Edit: Thanks to Spotify (more or less) deprecating their web api, it has come to my attention a key piece of functionality (saving the playlist direct to spotify) is no longer working. Bummer. I’m working on a fix but I wouldn’t hold your breath…
At the age of 40 I find it challenging to find new music. Sure, the Spotify recommendation engine isn’t terrible, but it does leave a bit to be desired especially if you want more control over recommendations. Recently, I’ve been using LLMs to augment my discovery process with good results. I was sharing this with my buddy Dave (who is far more into music than myself) and was surprised he hadn’t been using AI tools for music discovery which got me thinking about building an app layer for this purpose – which is now SonicAI.

I know the world doesn’t need another GPT wrapper but in the case of SonicAI, I felt it could be worthwhile. Integrating an LLM with Spotify, by itself, is pretty powerful. Add to this a more controllable (by the user) gpt4o powered recommendation system and we’re able to surface more dynamic new music suggestions than the “black box” algorithms used by the big music distribution companies.
Using SonicAI is easy. You simply put in a few bands you are into, and enter your age. Boom. You’ll get some recommendation that the system will directly dump into a Spotify playlist in seconds. If you want more control, I built that too through more advanced options such as being able to specify what you are really into, genres you love or hate, and more. Creating an account allows you to store your history, likes and dislikes in a database which I’ll in turn use to curate more new music you might like (this is like a baby version of RLHF I’m baking into the loop).
The coolest part is I was able to build this in well under 24 hours from inception to where it is right now. I recognize this is yet another app that will likely be relegated to the “toy app” bin, but I also know people area always looking for new music.
If you are looking for something specific to be added, or want a feature you don’t see here – as always reach out! jeff.brines@gmail.com
Cheers and happy listening.
Addendum Added May 5th – I’ve had a number of people reach out and ask “wait, isn’t this just what Spotify already does?”. Yes and no. Spotify has its own recommendation system which I’m sure every user is familiar with. However, their team took an entirely different approach than what I’ve built SonicAI on. As opposed to me bumbling about explaining the differences, here is a concise robot written comparison of the two systems…
Spotify Recommendation System
- Data Source: Collaborative filtering (what others like you listen to), audio analysis, behavior tracking.
- Pros:
- Scales effortlessly.
- Real-time updates from millions of users.
- Solid at surfacing mainstream or adjacent artists.
- Cons:
- Feels like a black box—low transparency.
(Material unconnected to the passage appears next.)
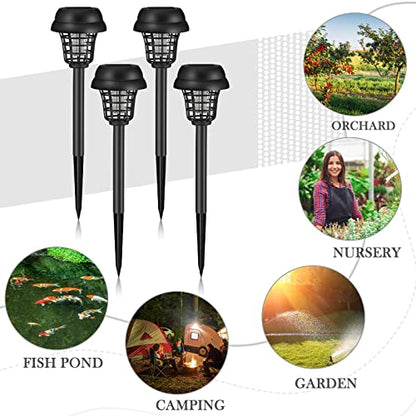 Qualirey 4 Bug Zapper, Plastic,Retro Black Exterior,Purple, White Light - color: Retro Black Exterior,Purple, White Light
- Repetitive; stuck in loops.
- Lacks deep context or nuance about why you like something.
LLM (e.g., GPT-4o)
- Data Source: Language model trained on broad musical knowledge, reviews, genres, context, vibes.
- Pros:
- Introspective—can factor in mood, era, obscure taste, lyrical themes, instrumentals, etc.
- Transparent—can explain why I’m recommending something.
- Flexible—can adapt instantly to new info (e.g., “I like CHVRCHES, but I hate The xx”).
- Cons:
- Doesn’t have your Spotify data (unless you give it to me).
- Not dynamically trained on your listening history or real-time behavior.
Bottom Line:
Spotify is passive, pattern-based, and scale-driven.
ChatGPT is active, context-aware, and insight-driven.